→ **ASSIGNMENT**: The records below must be copied in full; omit the images.
'''
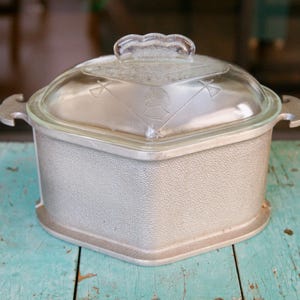 May include: A silver, octagonal-shaped baking dish with a glass lid. The dish has a textured surface and the lid has a raised design.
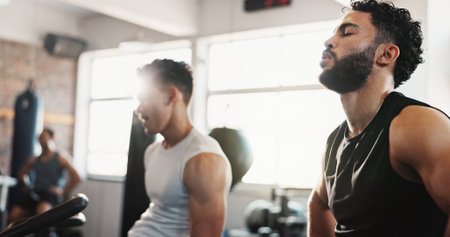 Exercise bike, fitness and tired with men in gym together for break from cardio training or workout. Breathing, elliptical machine and sweating with sporty friends in health club for workout togetherの写真素材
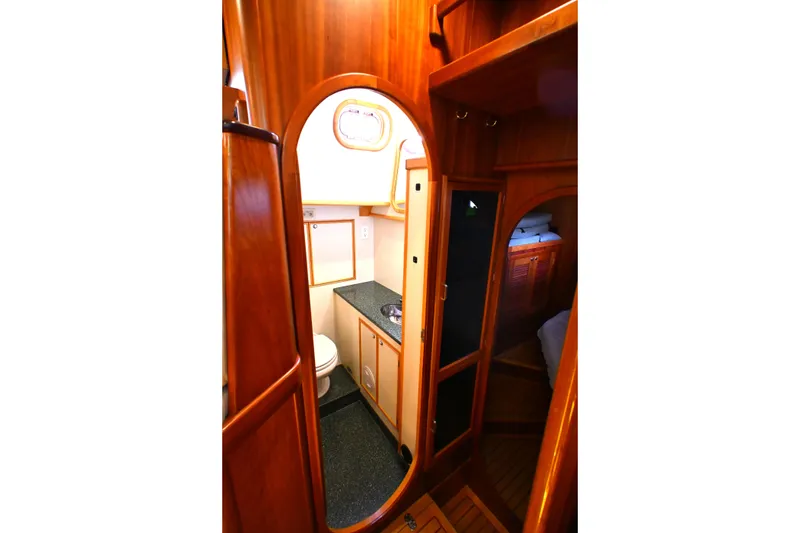 Slide: The Image of Luxurious 2006 Waterline 50 yacht interior with wooden finish and compact bathroom. - 47
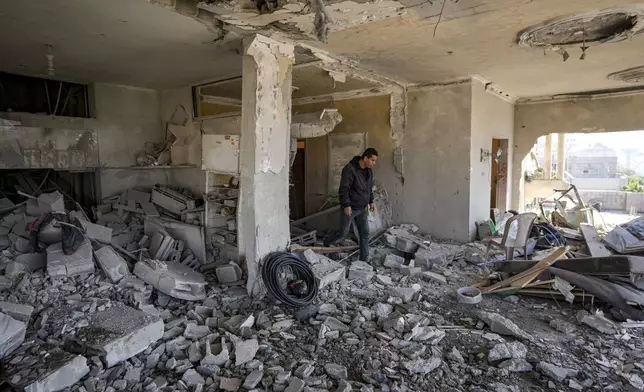 A Palestinian looks at a damaged residential building following an overnight Israeli strike in Deir al-Balah, Gaza Strip, Wednesday, Jan. 8, 2025. (AP Photo/Abdel Kareem Hana)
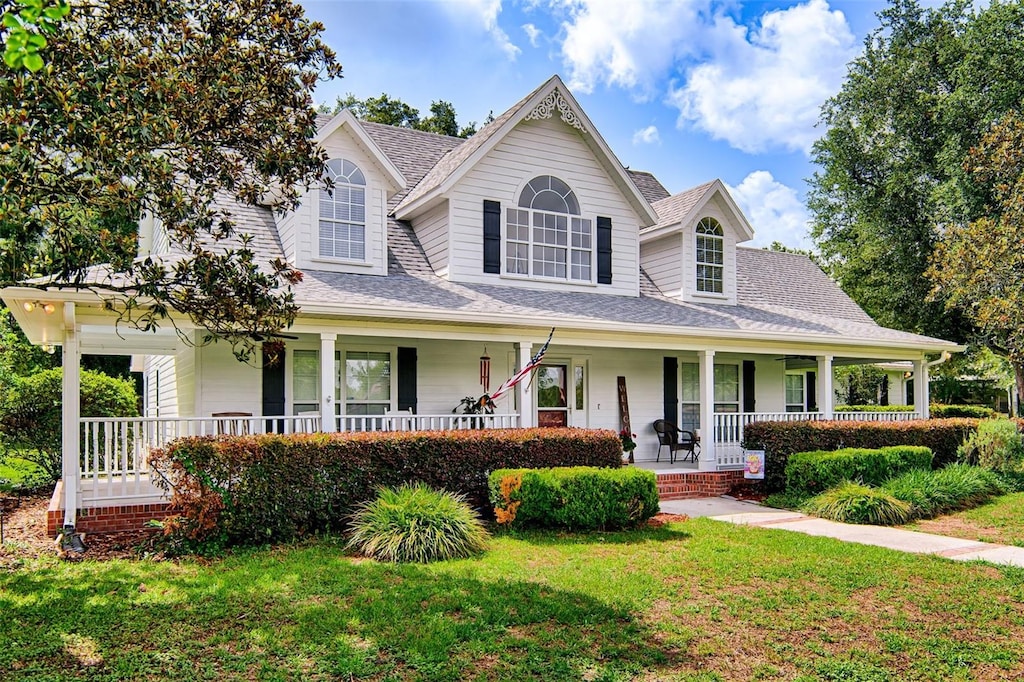 24203 NW 94th Ave, Alachua, FL 32615 - view of front of home with a porch, a front yard, and roof with shingles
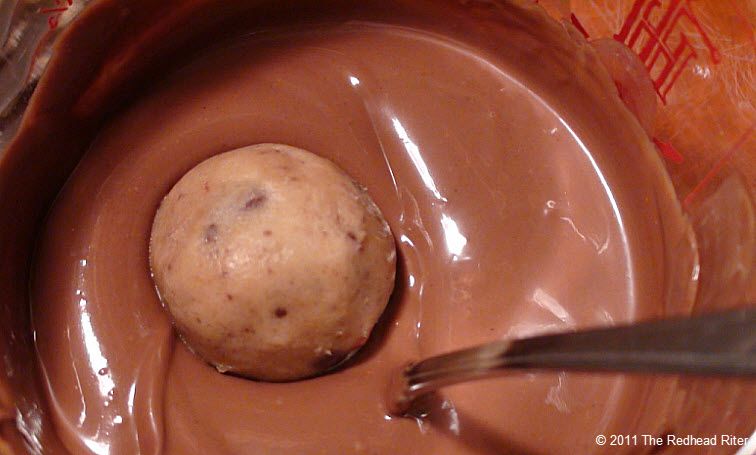 drop ball into melted chocolate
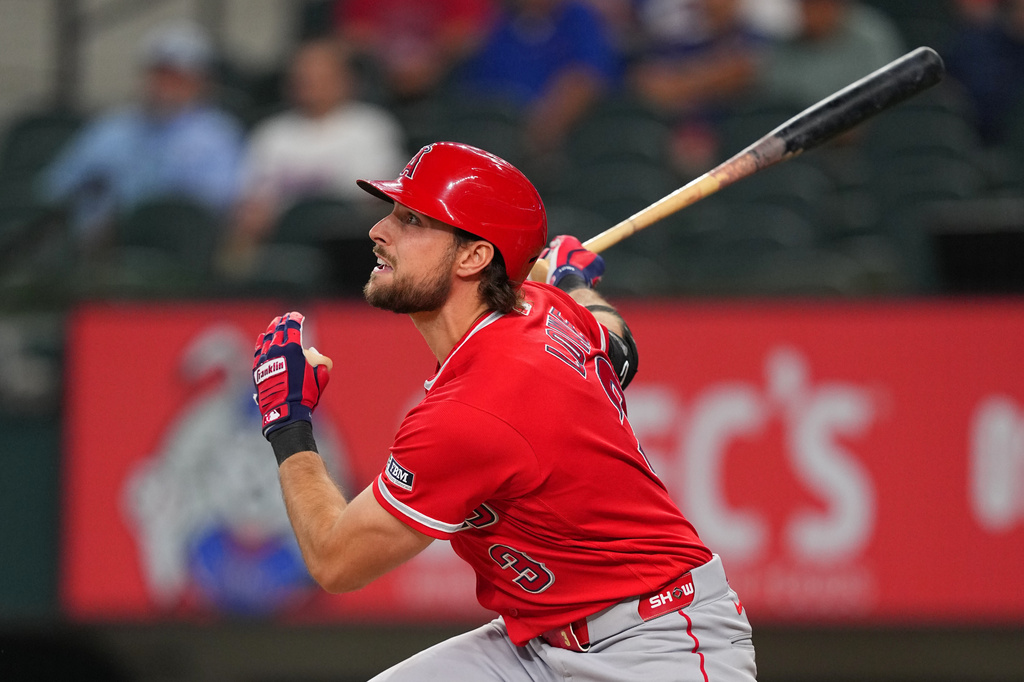 Los Angeles Angels' Josh Lowe watches his ball as he hits an RBI single to score Jorge Soler against the Texas Rangers during the first inning of a baseball game, Tuesday, July 7, 2026, in Arlington, Texas. (AP Photo/Julio Cortez)
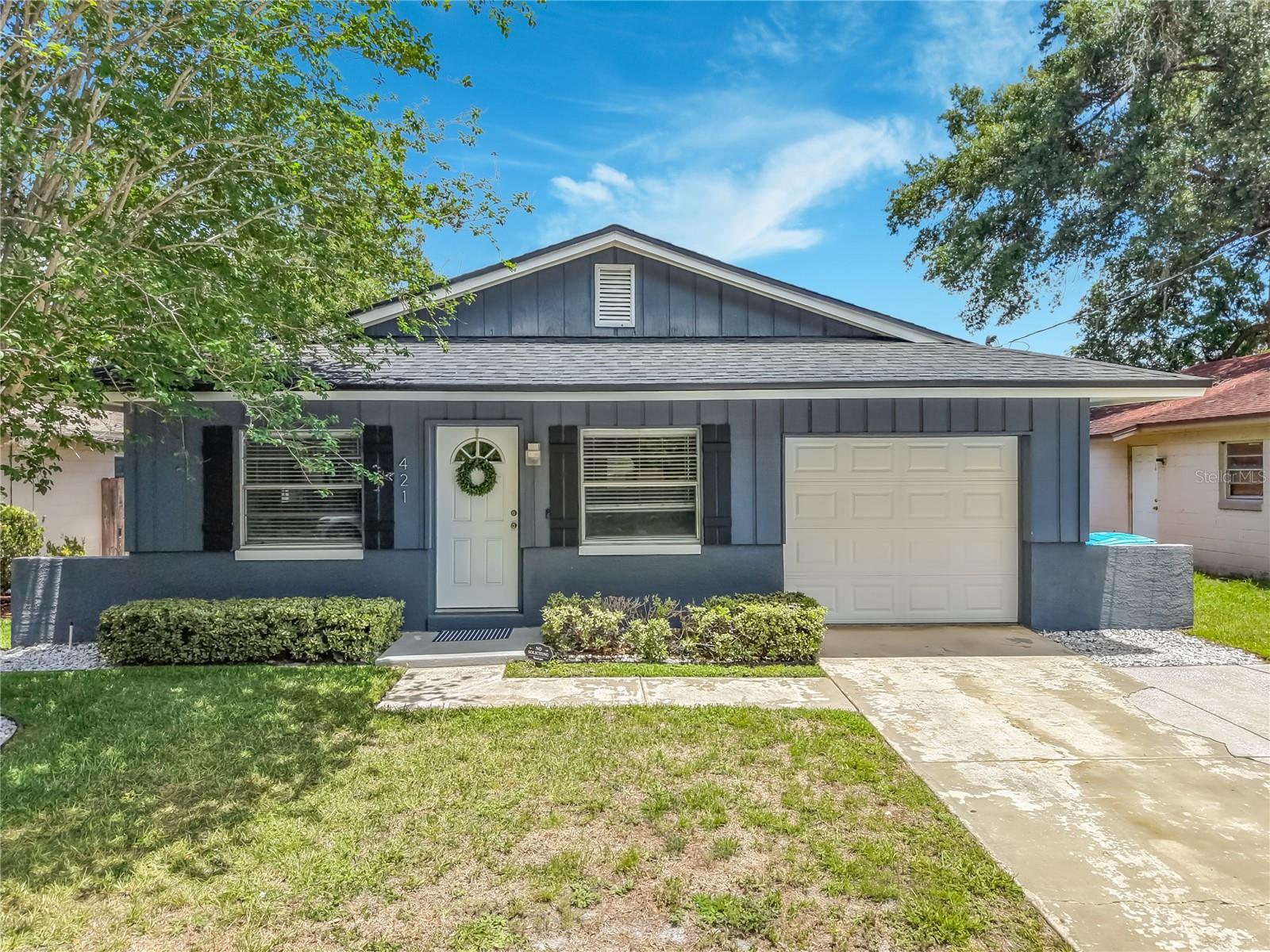 From modern finishes to classic comfort, this move-in-ready 3-bedroom, 2-bathroom Longwood gem has it all. Inside, the beautifully updated kitchen shines with granite countertops and stainless steel appliances, while both bathrooms have been thoughtfully refreshed. Enjoy ultimate peace of mind with major structural updates, including a brand-new AC installed in 2024 and roof replaced in 2022. An exceptional highlight of the property is the climate-controlled, multi-purpose bonus suite. Equipped with its own dedicated cooling system, this versatile space offers endless possibilities; it is currently curated as the ultimate game-day lounge, but easily adapts into a quiet executive home office, a private fitness sanctuary, or an inspiring creative studio for art and music. Step outside to find an oversized, fully fenced backyard—the perfect oasis for your pets to roam freely— as well as enhanced landscaping that provides incredible curb appeal. Perfectly positioned just moments from shopping, dining, the SunRail station, and the vibrant weekly farmer's market, this home blends contemporary charm with ultimate convenience!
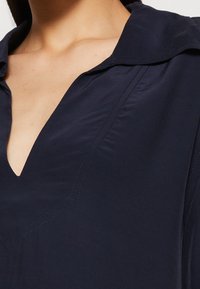 Blouse bleu marine à col, avec un décolleté en V profond, présentant des détails de couture discrets et une texture de tissu lisse. Découpée pour montrer uniquement la partie supérieure.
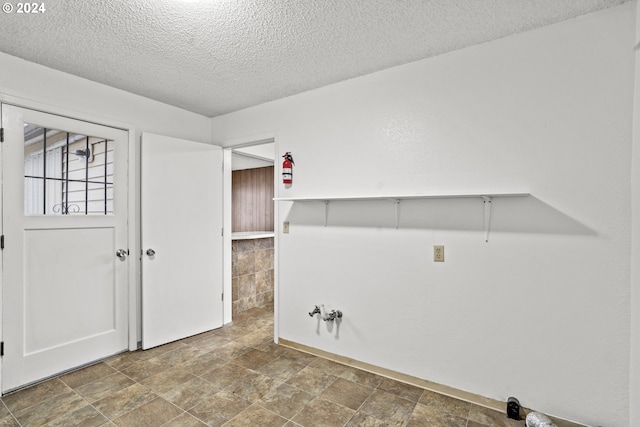 clothes washing area featuring a textured ceiling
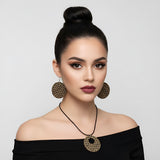 Organic-shaped wooden earrings with safari animal print and sterling silver hooks — rear view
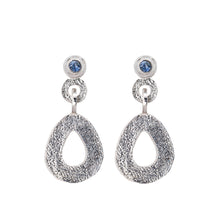 Load image into Gallery viewer, These hand-textured silver dangle post earrings features 3mm ocean blue Montana sapphires. These teardrop dangles have a wider base to make a statement. 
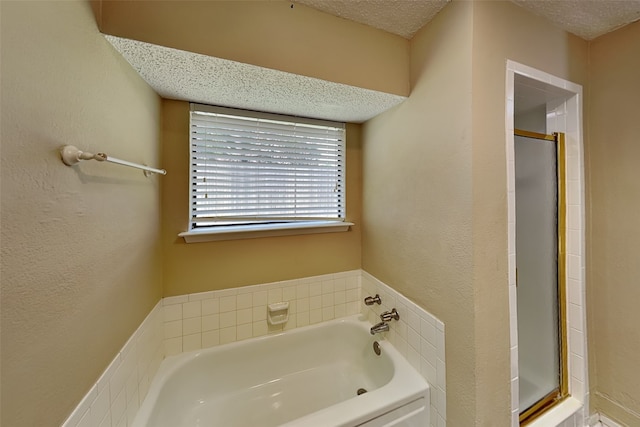 bathroom with a textured ceiling and shower with separate bathtub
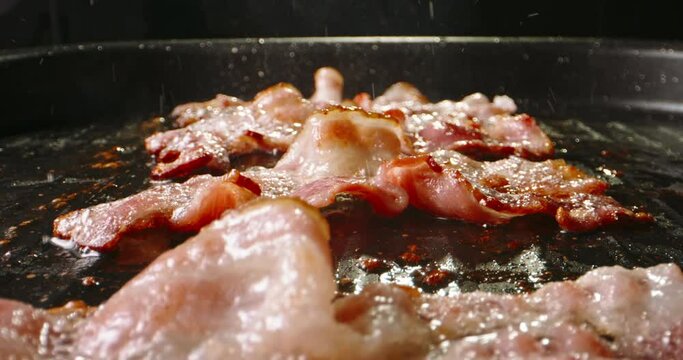 Frying pork bacon in pan side view close up slow motion. Splashes of sizzling oil. Pan-fried bacon slices capture the essence of sizzling goodness, ready to be devoured with delight. Fried to perfect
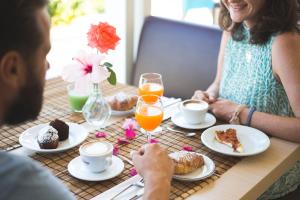 a man and a woman sitting at a table with food at B&B Il Cavaliere Tropea in Santa Domenica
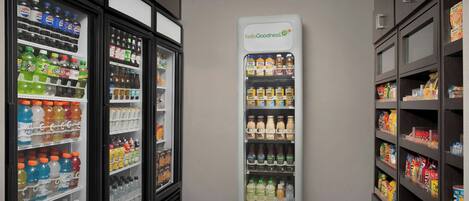 Una vetrina refrigerata con diverse bevande e un cartello con scritto 'helloGoodness'.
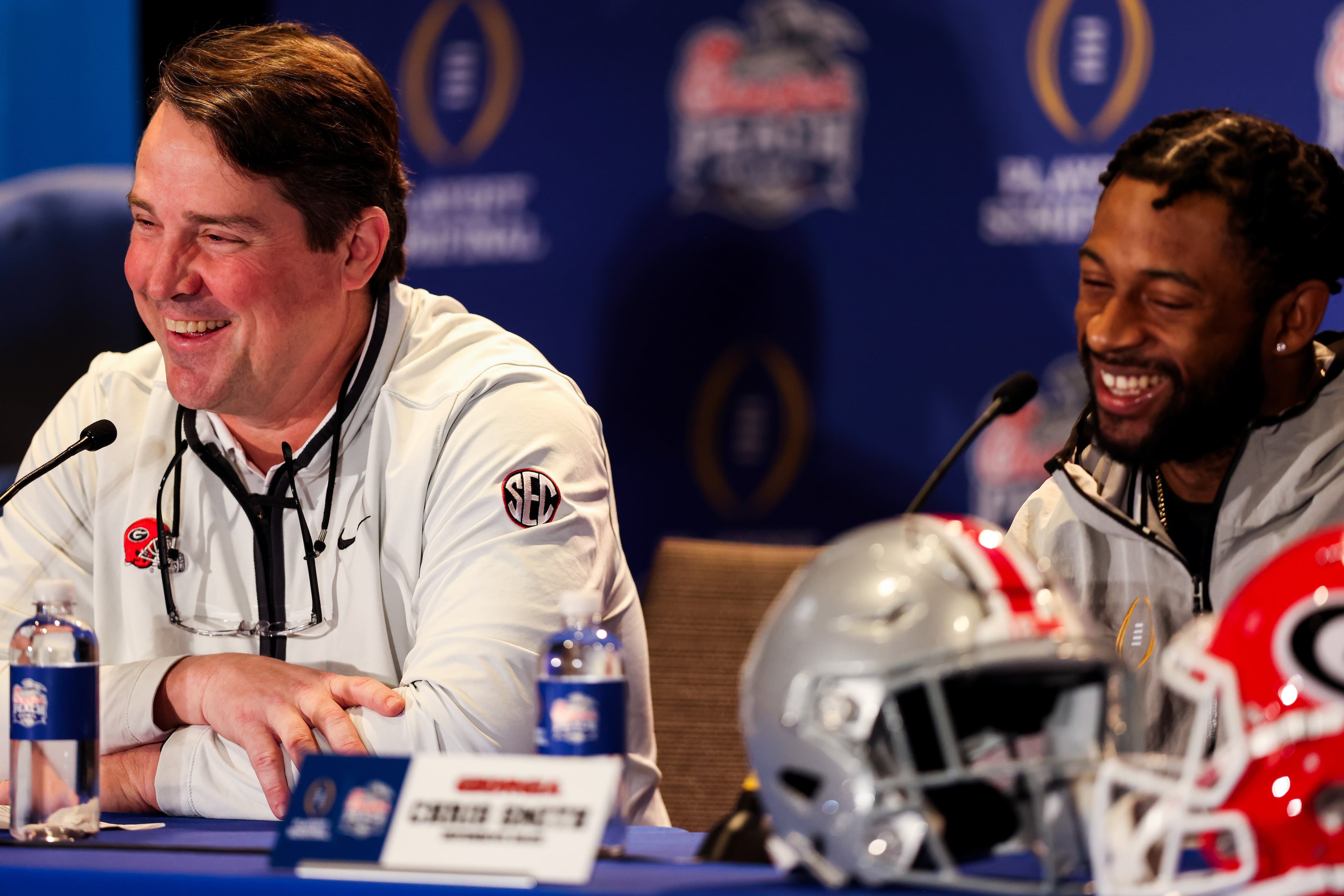 Georgia co-defensive coordinator Will Muschamp (left) and safety Chris Smith speak during a press conference on Tuesday, Dec. 27, 2022. Georgia will face Ohio State in the 2022 College Football Playoff Semifinal at the Chick-fil-A Peach Bowl. (Jason Parkhurst via Abell Images for the Chick-fil-A Peach Bowl)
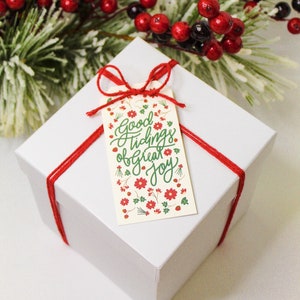 以下が含まれることがあります： 赤いリボンと「Good Tidings of Great Joy」と書かれた花柄のギフトタグが付いた白いギフトボックス。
'''
→ **YOUR RESPONSE**:
 May include: A silver, octagonal-shaped baking dish with a glass lid. The dish has a textured surface and the lid has a raised design.
 Exercise bike, fitness and tired with men in gym together for break from cardio training or workout. Breathing, elliptical machine and sweating with sporty friends in health club for workout togetherの写真素材
 Slide: The Image of Luxurious 2006 Waterline 50 yacht interior with wooden finish and compact bathroom. - 47
 A Palestinian looks at a damaged residential building following an overnight Israeli strike in Deir al-Balah, Gaza Strip, Wednesday, Jan. 8, 2025. (AP Photo/Abdel Kareem Hana)
 24203 NW 94th Ave, Alachua, FL 32615 - view of front of home with a porch, a front yard, and roof with shingles
 drop ball into melted chocolate
 Los Angeles Angels' Josh Lowe watches his ball as he hits an RBI single to score Jorge Soler against the Texas Rangers during the first inning of a baseball game, Tuesday, July 7, 2026, in Arlington, Texas. (AP Photo/Julio Cortez)
 From modern finishes to classic comfort, this move-in-ready 3-bedroom, 2-bathroom Longwood gem has it all. Inside, the beautifully updated kitchen shines with granite countertops and stainless steel appliances, while both bathrooms have been thoughtfully refreshed. Enjoy ultimate peace of mind with major structural updates, including a brand-new AC installed in 2024 and roof replaced in 2022. An exceptional highlight of the property is the climate-controlled, multi-purpose bonus suite. Equipped with its own dedicated cooling system, this versatile space offers endless possibilities; it is currently curated as the ultimate game-day lounge, but easily adapts into a quiet executive home office, a private fitness sanctuary, or an inspiring creative studio for art and music. Step outside to find an oversized, fully fenced backyard—the perfect oasis for your pets to roam freely— as well as enhanced landscaping that provides incredible curb appeal. Perfectly positioned just moments from shopping, dining, the SunRail station, and the vibrant weekly farmer's market, this home blends contemporary charm with ultimate convenience!
 Blouse bleu marine à col, avec un décolleté en V profond, présentant des détails de couture discrets et une texture de tissu lisse. Découpée pour montrer uniquement la partie supérieure.
 clothes washing area featuring a textured ceiling
 Organic-shaped wooden earrings with safari animal print and sterling silver hooks — rear view
 Load image into Gallery viewer, These hand-textured silver dangle post earrings features 3mm ocean blue Montana sapphires. These teardrop dangles have a wider base to make a statement. 
 bathroom with a textured ceiling and shower with separate bathtub
 Frying pork bacon in pan side view close up slow motion. Splashes of sizzling oil. Pan-fried bacon slices capture the essence of sizzling goodness, ready to be devoured with delight. Fried to perfect
 a man and a woman sitting at a table with food at B&B Il Cavaliere Tropea in Santa Domenica
 Una vetrina refrigerata con diverse bevande e un cartello con scritto 'helloGoodness'.
 Georgia co-defensive coordinator Will Muschamp (left) and safety Chris Smith speak during a press conference on Tuesday, Dec. 27, 2022. Georgia will face Ohio State in the 2022 College Football Playoff Semifinal at the Chick-fil-A Peach Bowl. (Jason Parkhurst via Abell Images for the Chick-fil-A Peach Bowl)
 以下が含まれることがあります： 赤いリボンと「Good Tidings of Great Joy」と書かれた花柄のギフトタグが付いた白いギフトボックス。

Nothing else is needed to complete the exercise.